4.             Attorneys’ Fees and Costs. The Parties each agree to bear their own costs and attorneys’ fees in connection with this Agreement and the other agreements and transactions contemplated hereby.

 

5.             Governing Law. The validity, construction, interpretation, performance and enforcement of this Agreement, and all disputes arising out of this Agreement, shall be governed by Colorado law without regard to choice of law or conflicts of law principles.

 

6.             Venue for Claims. The Parties agree that any claims brought by any Party relating to or arising out of the Agreement shall be brought in the State of Colorado.

 

7.             Integration Clause. This Agreement constitutes and embodies the full and final agreement and understanding between the Parties with regard to the subject matter hereof, and supersedes all prior agreements, understandings, negotiations, representations and discussions regarding the same (including the Memorandum of Understanding dated April 21, 2021). The Parties all acknowledge that there are no representations, promises, warranties, conditions or obligations of the Parties not contained herein, and that the Parties have not executed this Agreement in reliance on any other representation, promise, warranty, condition or obligation.

 

8.             Construction. Each Party and their respective counsel have taken part in the drafting and preparation of this Agreement, and therefore any ambiguity or uncertainty in this Agreement shall not be construed against any Party to it. To ensure the Agreement is not construed against any Party, the Parties expressly agree that any common law or statutory provision providing that an ambiguous or uncertain term will be construed against the drafting Party is waived and shall not apply to the construction of this Agreement.

 

9.             No Oral Modifications. This Agreement may only be further modified, amended or supplemented by a subsequent writing executed by the Parties.

 

10.           Authority to Execute. Each person whose signature appears on this Agreement warrants and guarantees that he, she, or it has been duly authorized and has full authority to execute this Agreement on behalf of the entity for which his or her signature appears.

 

11.           Voluntary Execution.

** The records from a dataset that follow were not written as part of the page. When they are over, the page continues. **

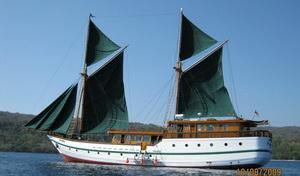 SMY Tambora, Tauchsafaris Borneo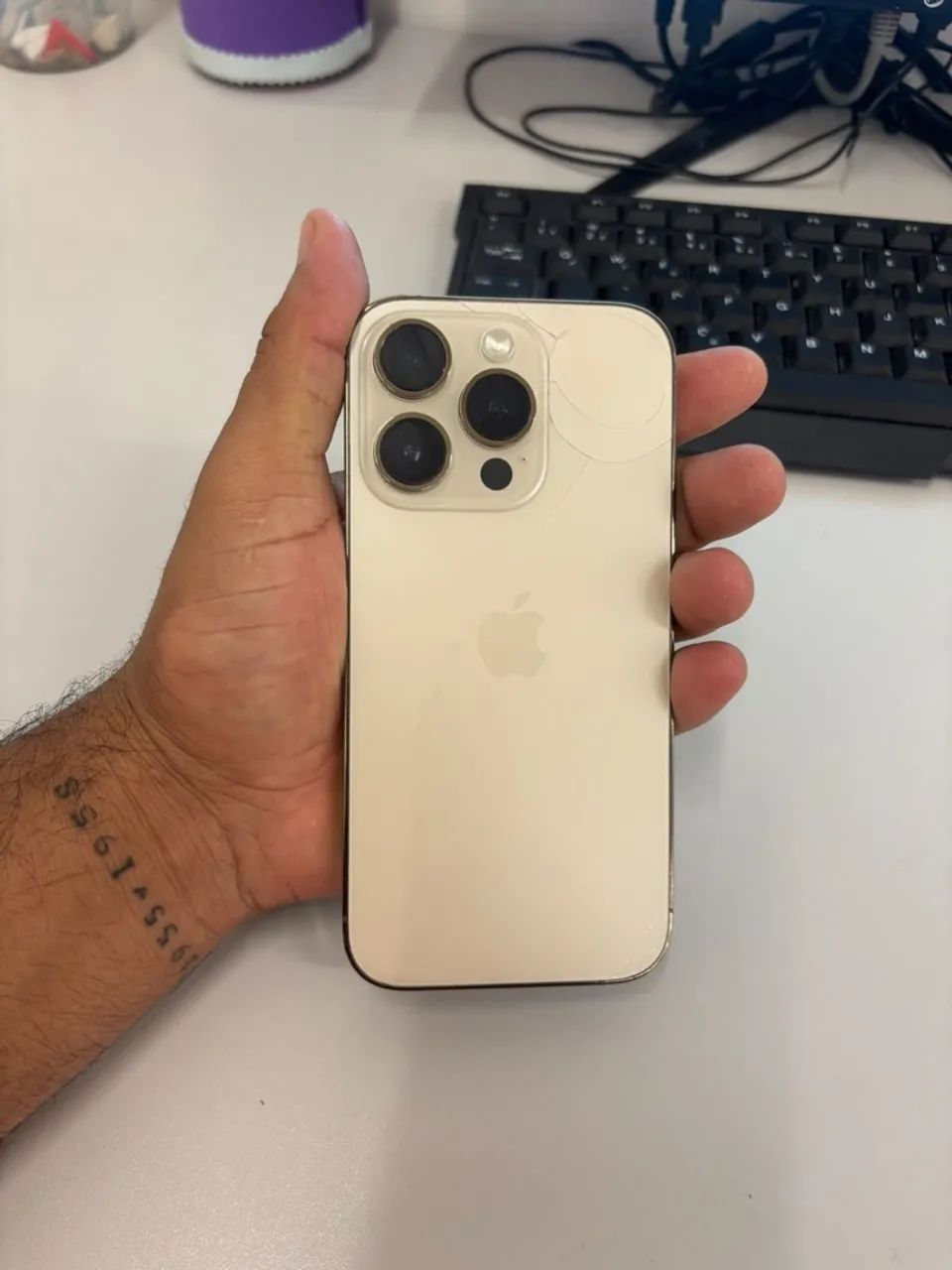 iPhone 14 Pro Max 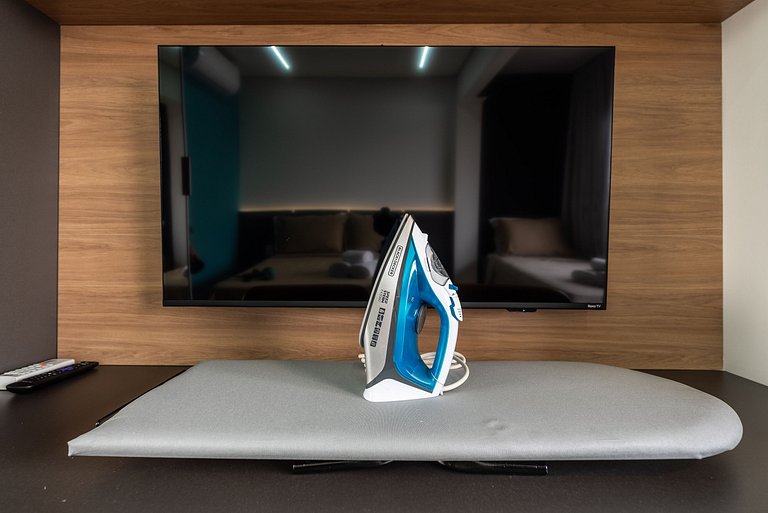 BHaus Brooklin On Florida | Studio Premium com Bicama | 19o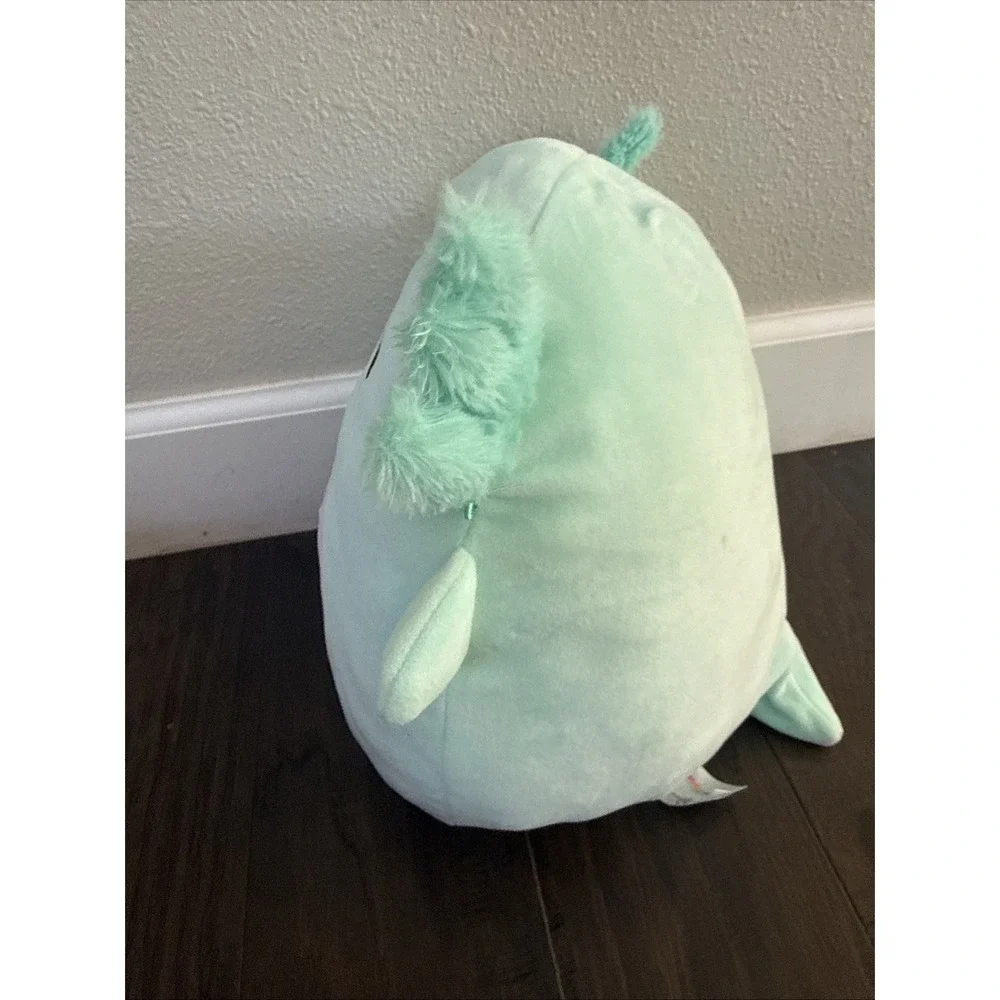 Squishmallows Kellytoy Plush Anastasia The Axolotl 11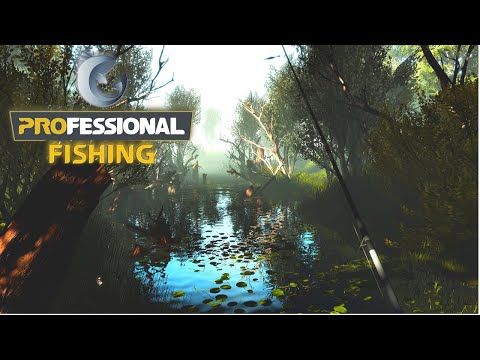 Is This Free 2 Play Fishing Game Any Good? | Professional Fishing GAMEPLAY - YouTube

The Parties acknowledge that they have executed this Agreement voluntarily and without any duress or undue influence. The Parties further each acknowledge that they: (a) have had the opportunity to be represented and advised by counsel of their own choice in connection with the negotiation and execution of this Agreement; (b) have read this entire Agreement; (c) have had the opportunity to have this Agreement explained to them by counsel of their choice; and (d) have executed this Agreement solely on the basis of advice of their own counsel of choice and on the basis of their own independent investigation of the facts, laws and circumstances material to this Agreement. The Shareholder expressly acknowledges that Business Legal Advisors, LLC, has not provided representation to it in connection with this Agreement or the transactions contemplated hereby.

 

12.          Disclosure. This Agreement or its terms may only be disclosed if such disclosure is required: (a) in response to an order or subpoena of a court of competent jurisdiction or as required by law, in which event immediate written notice shall be given to all other Parties sufficiently prior to production to permit a challenge to any such order/subpoena; (b) in response to an inquiry or order issued by a state or federal agency of competent jurisdiction, in which event immediate written notice shall be given to all other Parties; (c) to the Parties’ respective legal, tax and financial advisors, (d) to the extent necessary to report to appropriate regulatory authorities and in other related dealings with regulatory authorities; (e) to the extent necessary to report income to appropriate taxing authorities and in other related dealings with taxing authorities; (f) by the Company, as a public company, by public disclosure of the Agreement and the terms of the Agreement, or (g) in connection with any litigation/arbitration between any of the Parties hereto regarding enforcement or interpretation of this Agreement.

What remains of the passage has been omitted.